I wanted to write about this for a VERY long time. I just couldn't find the right time to blog about it.
Until i saw a tweet about someone committing suicide because his loved one cheated on him @.@
And i have this urge to write this post cz i hope everyone who's involved in such cases know that you're not alone cz this happens everyday everywhere in the world.
Let me tell you my stories. I've been cheated on twice, by 2 different guys on 2 different occasions. And it's not like we were in short term relationships.
The first one was 2.5 years. The other was twice longer.
Honestly, you will be seriously sad when you find out that your loved ones cheated on you, whether it's emotionally or physically.
But you have to STAND UP! DYING IS NOT A SOLUTION!
Why not stand up proudly and point your middle finger at them?
There are a few stages that you will go through.
1) You guys break up.
2) You find out that it's because he had been cheating on you emotionally/physically.
3) You feel like it's the end of the world. You guys had been together for so long and why! why would he/she go for someone else?
4) Start blaming yourself and think that you're the worst person in the world and that you must've done something wrong that's why he/she doesn't want you anymore.
5) You can't trust anyone anymore. You want to run away from the world.
6) Tears, tears and more tears.
I just want you to know that you're not alone! Not everyone has been through this BUT I DID! TWICE! AND I SURVIVED!
Feel the sadness but don't overdo it. Don't let your feelings control you.

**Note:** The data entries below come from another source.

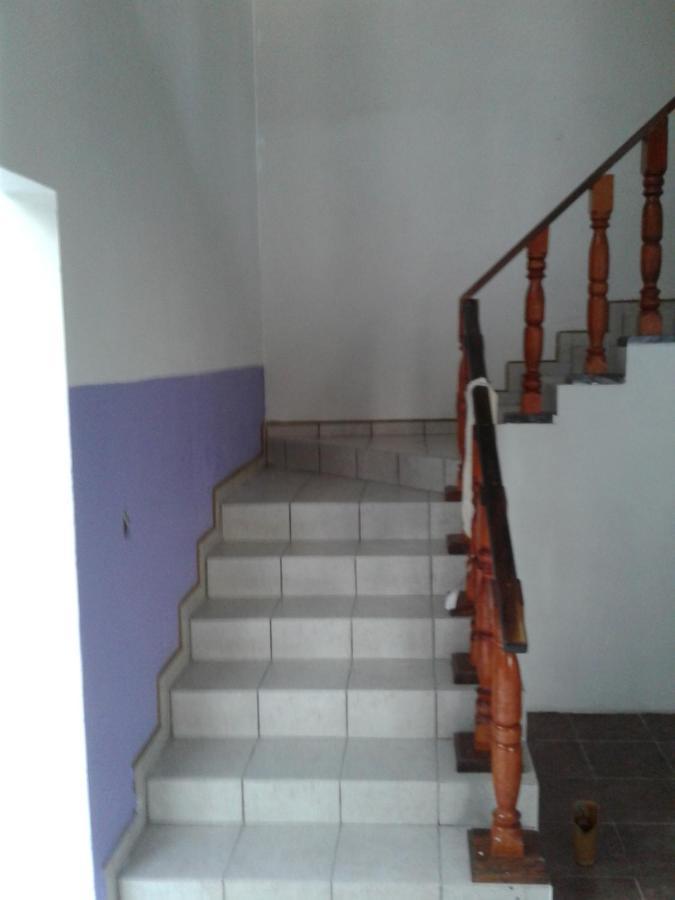 Hotel Estrella Huasteca Aquismon Eksteriør billede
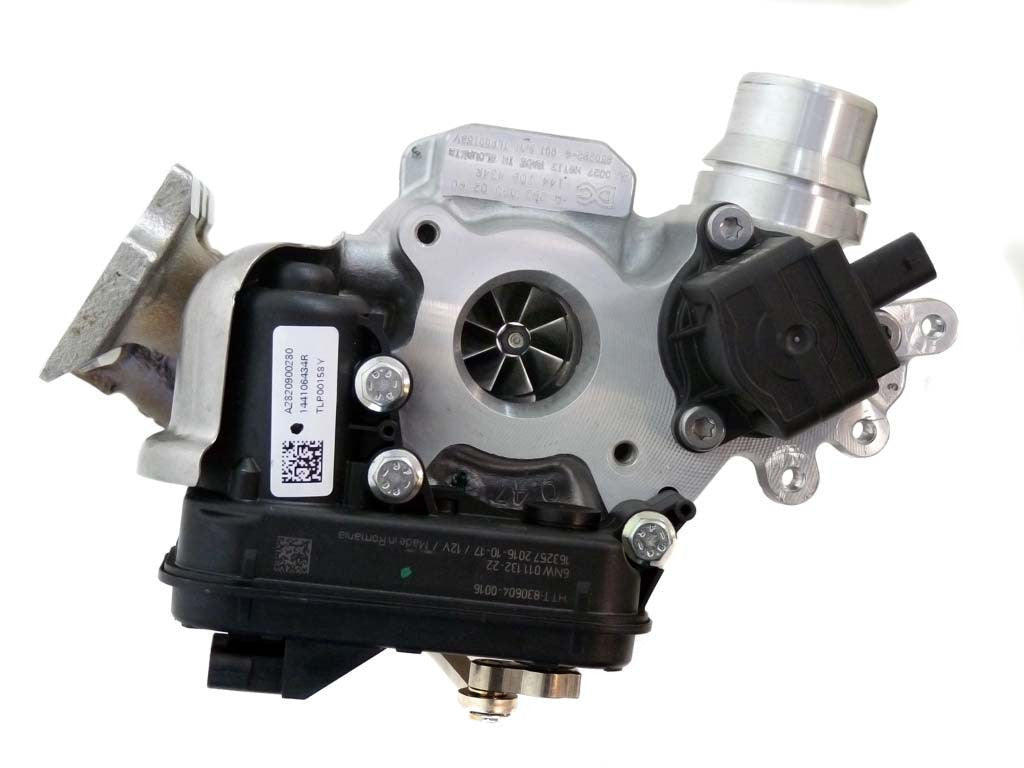 Turbo 850282-0006
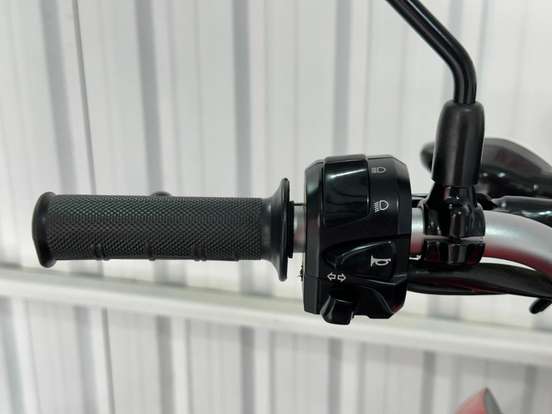 HONDA-NXR 160 BROS CBS-2025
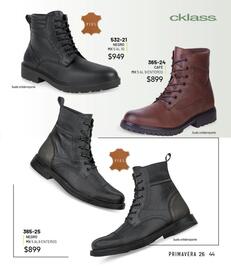 Catálogo Cklass Página 74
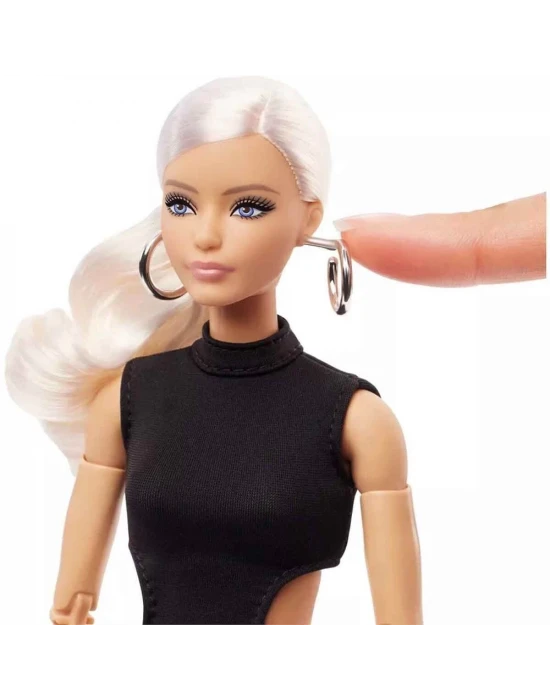 Barbie Basics İkonik Koleksiyon Bebeği Model 02 JBH71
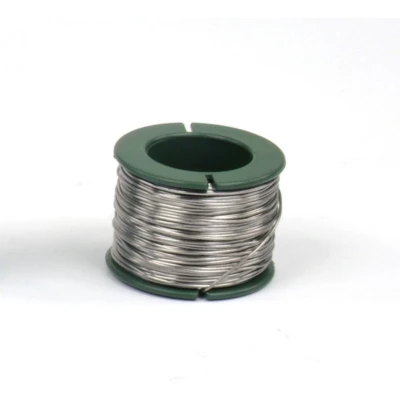 DE330 1B Constantandraad, D=0,5 Mm, L=15 M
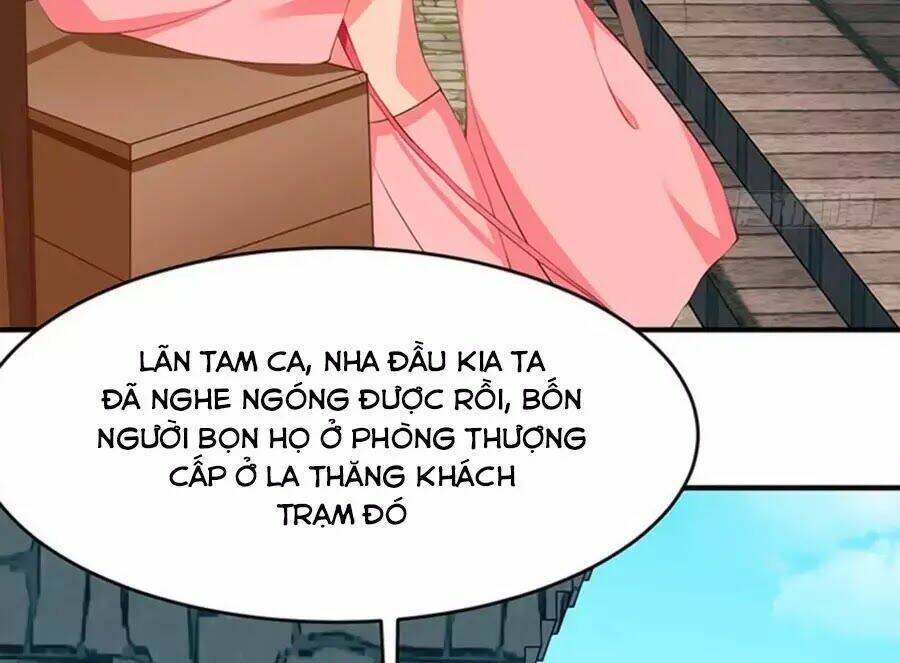 Chưởng Gia Tiểu Nương Tử Chương 5 Ảnh 14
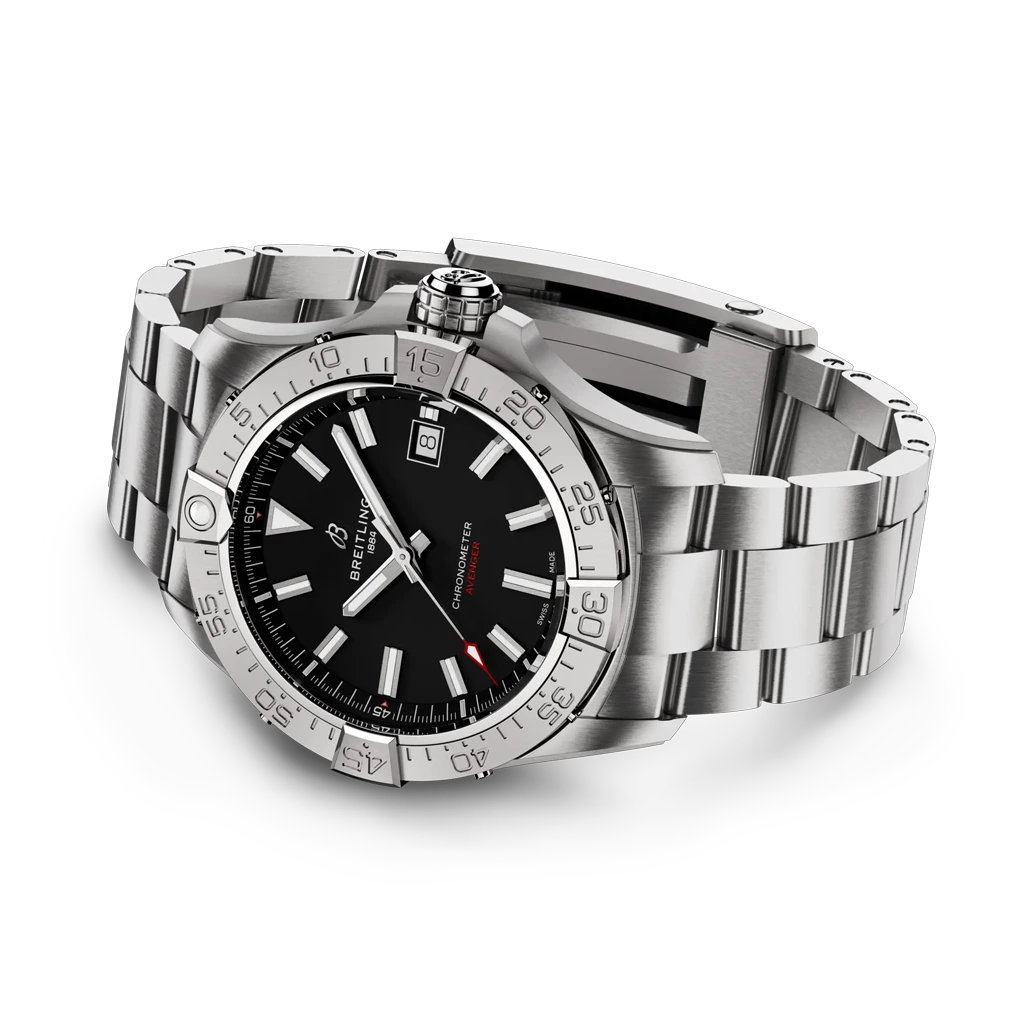 Breitling Avenger Automatic 42 - A17328101B1A1 - urmakerlarsen.no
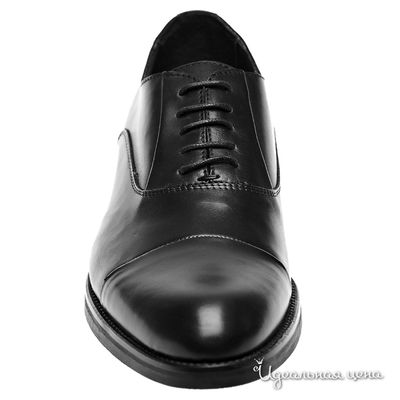 Ботинки Pepe Castell мужские, цвет черный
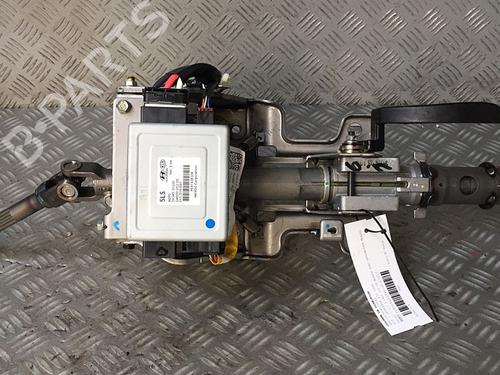 Steering column KIA SPORTAGE III (SL) 1.7 CRDi | BP30070540M21  - Image 8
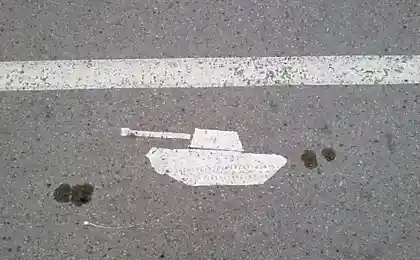 Танковая дорожка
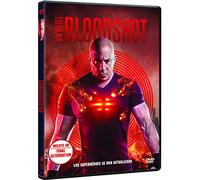 Bloodshot (DVD)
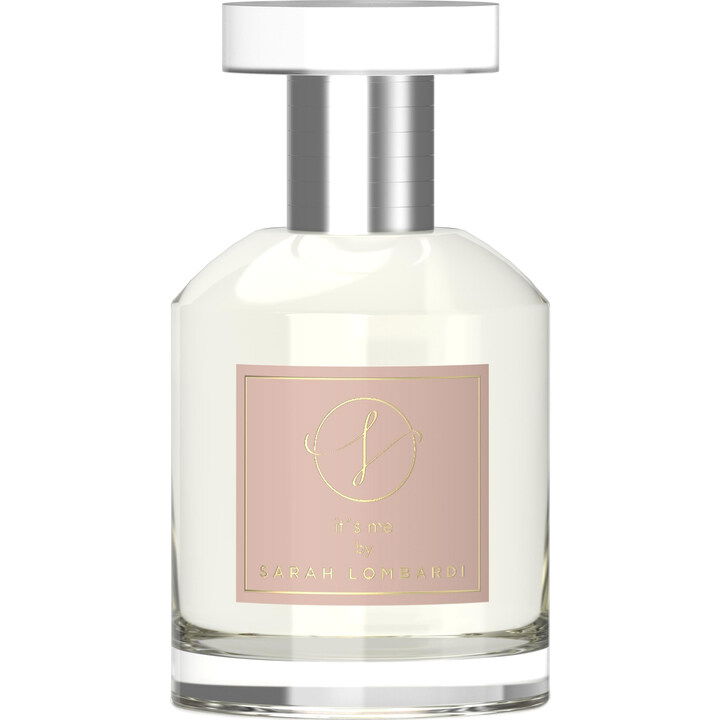 It's Me by Sarah Lombardi perfume bottle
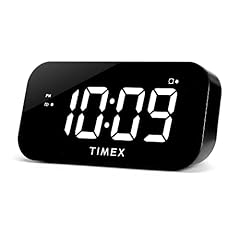 Timex alarm clock for sale  Delivered anywhere in USA 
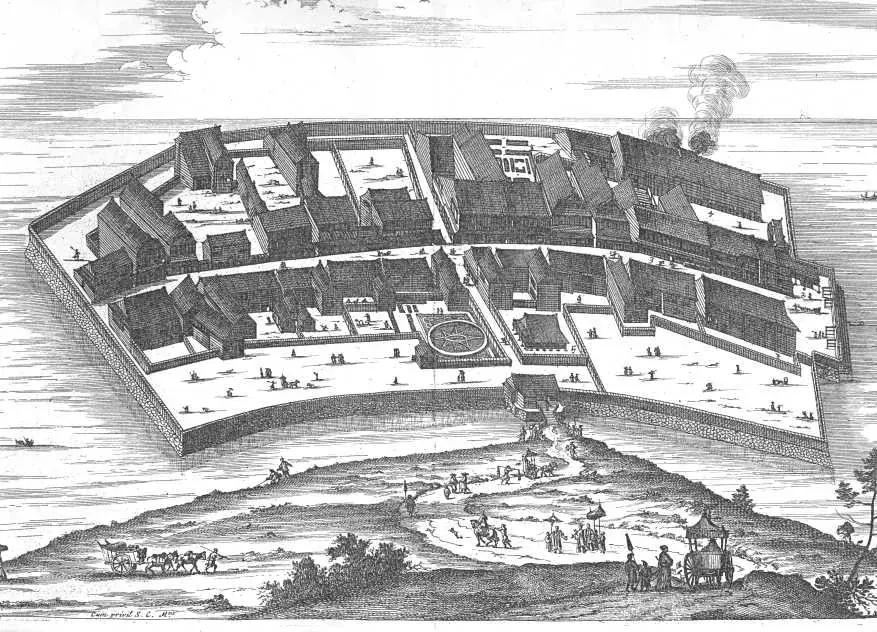 Insula Dejima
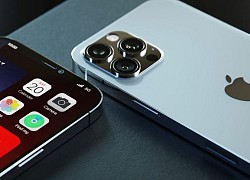 iPhone 13 sẽ có tính năng chụp ảnh thiên văn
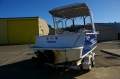 Quintrex 590 Freedom Cruiser 2008 model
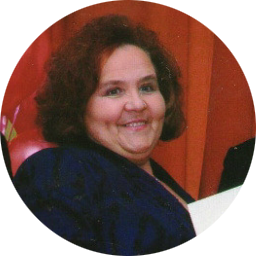 Тамара Петрова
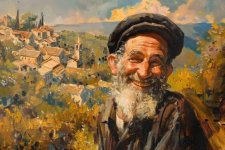 שמחה במפלת רשעים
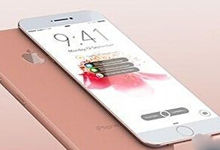 分析师郭明池：iPhone 7将搭载全新A10处理器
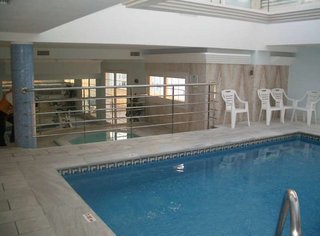 Elba Motril Beach & Business Resort,Near Charca De Suarez,4 star
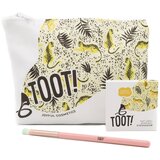 TOOT! cheeky cheetah set Cene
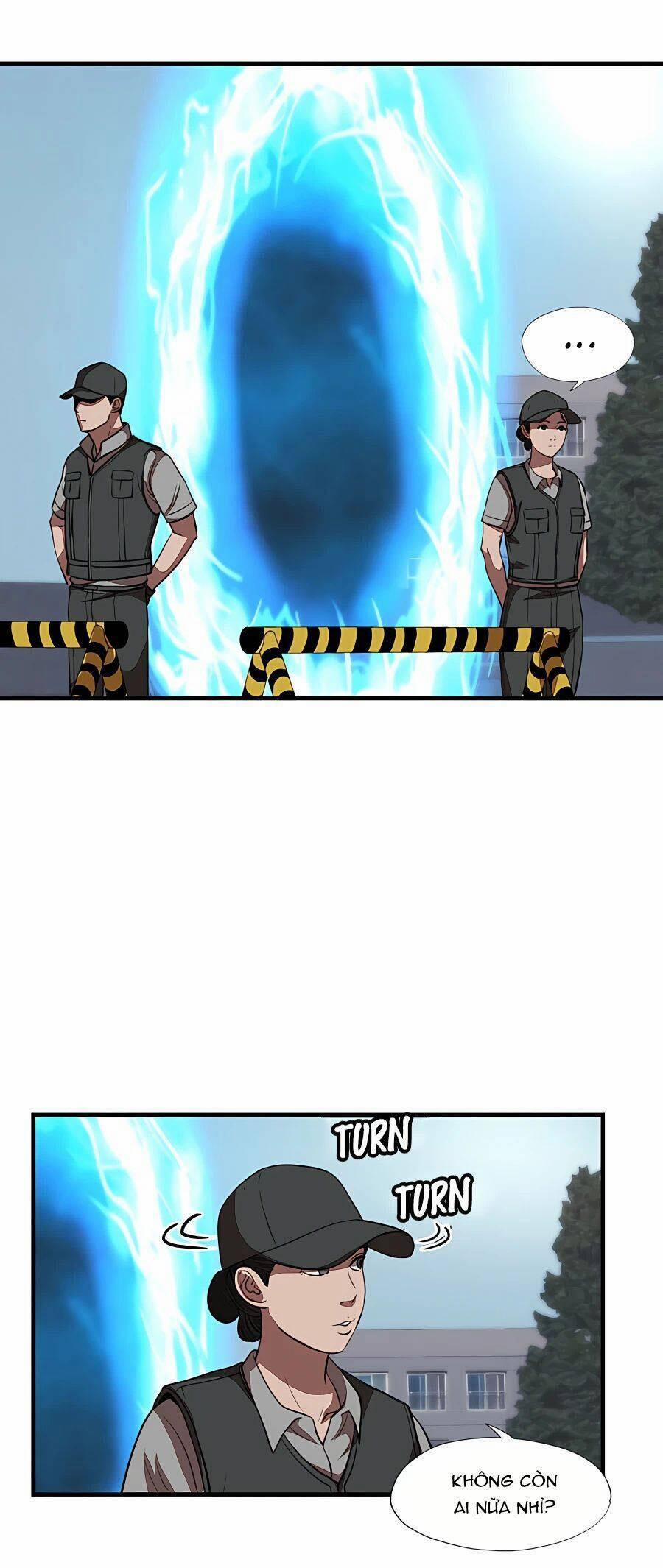 Mẹ Tôi Là Chòm Sao Bảo Hộ 41 trang 41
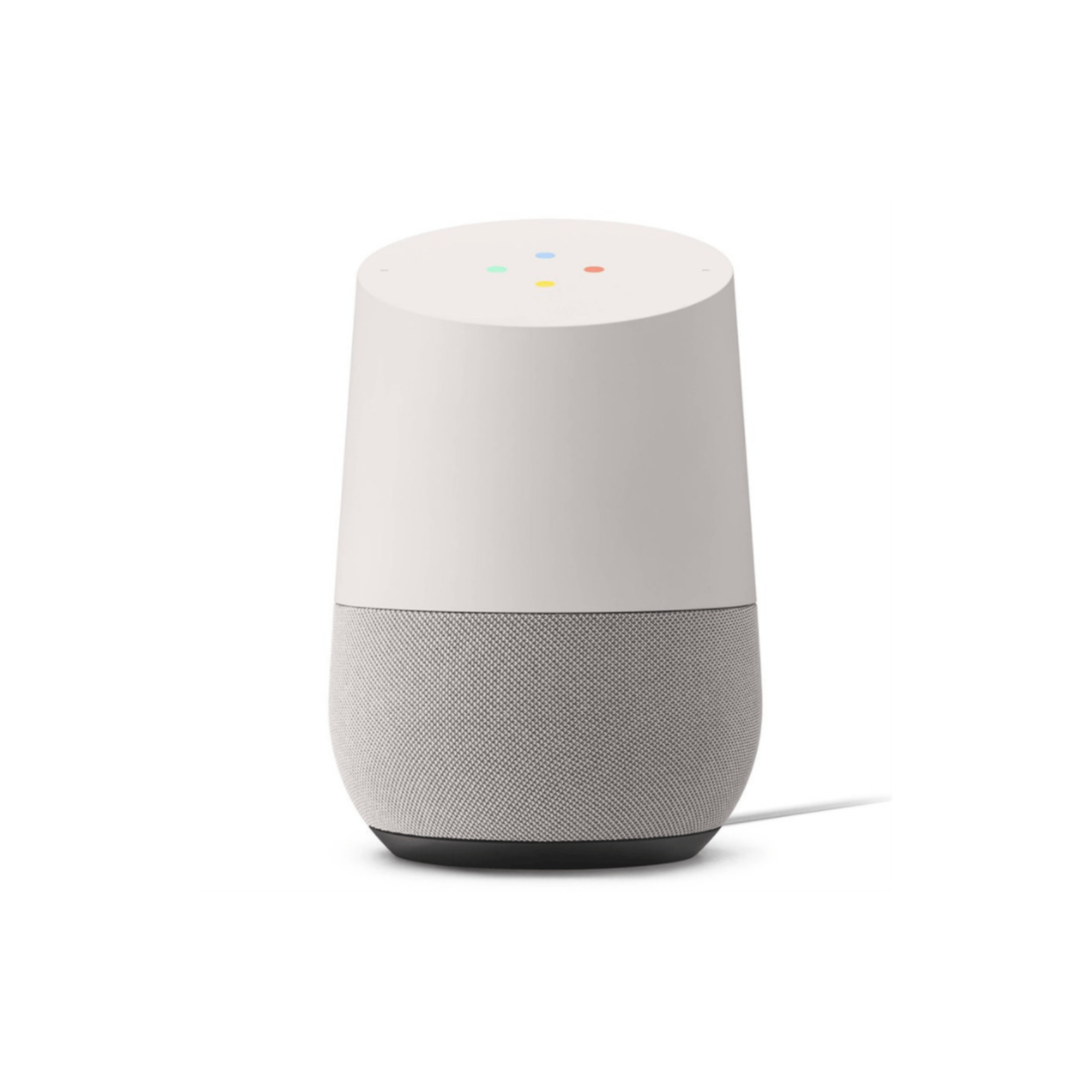 Google Home VoiceActivated Speaker Brad's Electronics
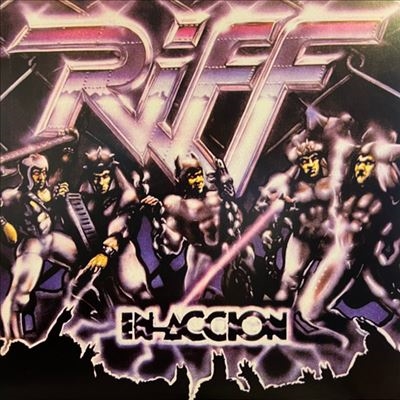 TOWER RECORDS ONLINE㤨Riff/En Accionס[DBN53198]פβǤʤ12,290ߤˤʤޤ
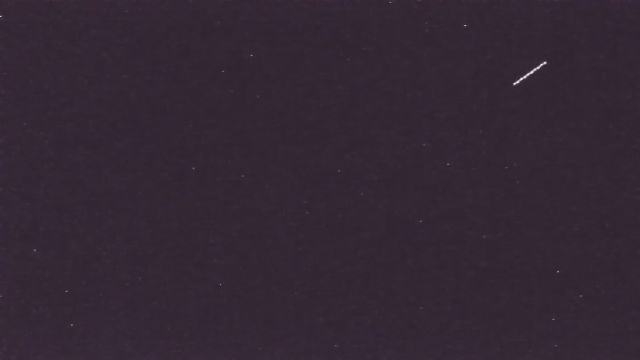 AMS71 meteor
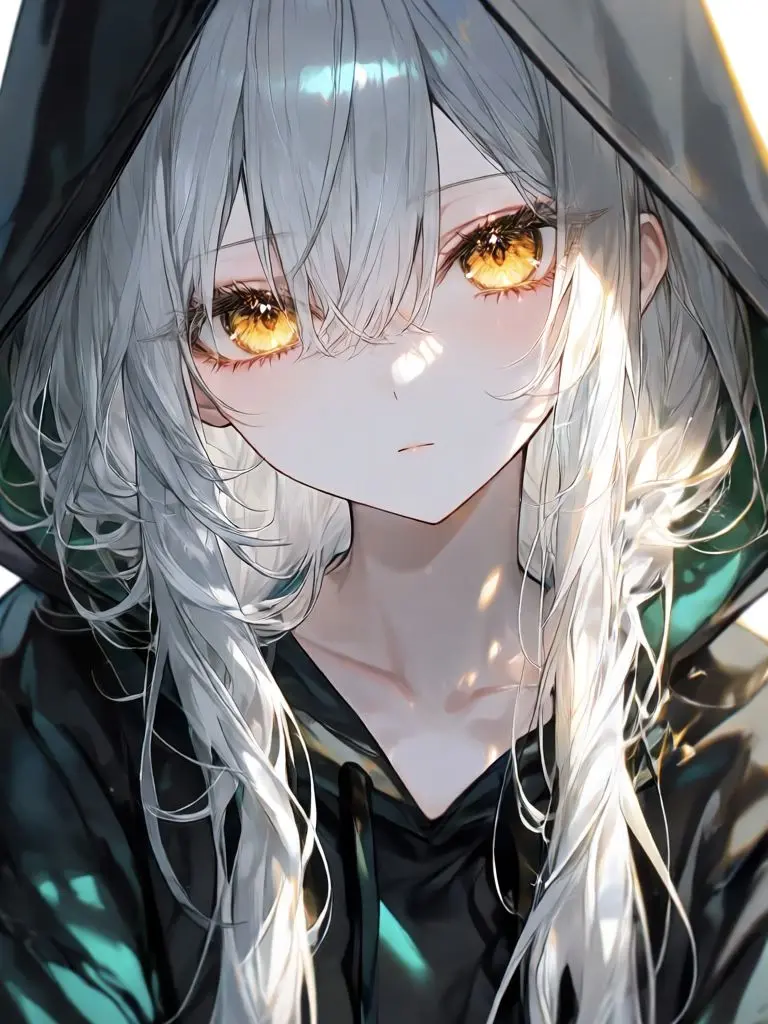 Lirika_JP의 연애에 관심 없는 아싸 소녀?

This is very important cz there're so much more things in the world that you still want or need to do.
You still have your family and friends.
And most of the time, we think...
- We can still get them back.
- It's just temporary. We've been together for so long and no, he/she is not serious about this and eventually he/she will regret and come back to me.
- No, he/she didn't cheat on me. They're just friends.
- I'm already 24 and i don't think i can still meet someone like him/her.
- He/she is the best person that i've ever met and i'm so used to being with him/her.
All these thoughts hold you back most of the time and eventually you "think" that you still want him/her.
Yes. Sometimes, you just miss those feelings and the memories but not the person.
But you need to move on. Even if you still want them back you still have to move on!
Why? Cz if you're still there all the time, ready for him/her, they won't feel that they're actually losing you.
In order to get them back, you must at least lose them or make them feel like they lost you first right?
I know that you will not move on cz you "think" that they will still come back, they must've lost their mind temporarily or you will wait for them.
I had the exact same thoughts last time.
In such a case, you don't need to force yourself too hard to move on. But, in order to win him/her back, you must at least brush yourself up a little bit right? Who's gonna love you back when you look like a zombie everyday, crying, and you don't even love yourself?
So, there are a few things that you need to focus on doing now.
1) DO NOT CONTACT HIM/HER OR LET HIM/HER CONTACT YOU.
I know this is hard but you have to do it if you still want him/her back!
A relationship is like a rubber band. The more tension you put on it, the higher the risk that it will break.
So, loosen up your relationship a lil bit and try not to contact them for at least 4 weeks. Why 4 weeks? cz you need some time to calm yourself down and give him/her some time to really think about the relationship too.
You might probably ask what i should do in those 4 weeks? "I don't think i can do it." "We used to talk every night before sleep." "I can't live without thinking about him."
Throughout these 4 weeks, you need to start learning how to move on and make your life better cz you can't just stay in your room the entire day telling yourself not to call him/her.
Find something that you've always wanted to do and do it.
It can be traveling alone, hitting the gym, do something crazy like paragliding etc etc.
Do something that you love and meet your friends and family more often! surround yourself with positive people!
Talk to your best friend. If they really are your best friends, they won't judge you and they will give you full support. Tell them your plans to get him/her back so that they can help you through the process and you won't feel so lonely. But you don't have to do this if you're not comfortable with anyone.
You will feel a lil bit crazy in the 1st week.
You might start doubting whether this is the right way to get him/her back. Whether there will be a higher chance of losing him/her.
When this happens, you just have to keep the rubber band principle in mind. We're all human and that's what we always do. Holding on to something and doing nothing to improve it because we're too scared of losing it. You must give in order to take. So, just leave it temporarily. If he/she contacts you, keep it formal. No crying no begging no nothing. Just say Hi and if there's nothing important, cut short the conversation. Try to keep minimal or no contact at all with him/her.
If you still find it hard to go through this phase, imagine the days that you will have with him/her in future. Those happy smiles.
Also, don't stop yourself from crying or being sad. Once in a while, if you feel like it, just cry your eyes out and eat whatever you want.
Stop listening to all those sad songs though. And stop stalking him/her on their FB or check their phones or whatever. Cz you don't want to be controlled by your emotions.
Hold on, hold on for just a while. The first few days might be hard but it will not be the same later.
2) Now, start thinking deeply what's the actual reasons for the break up.
There will surely be more than one reason but you gotta be honest with yourself.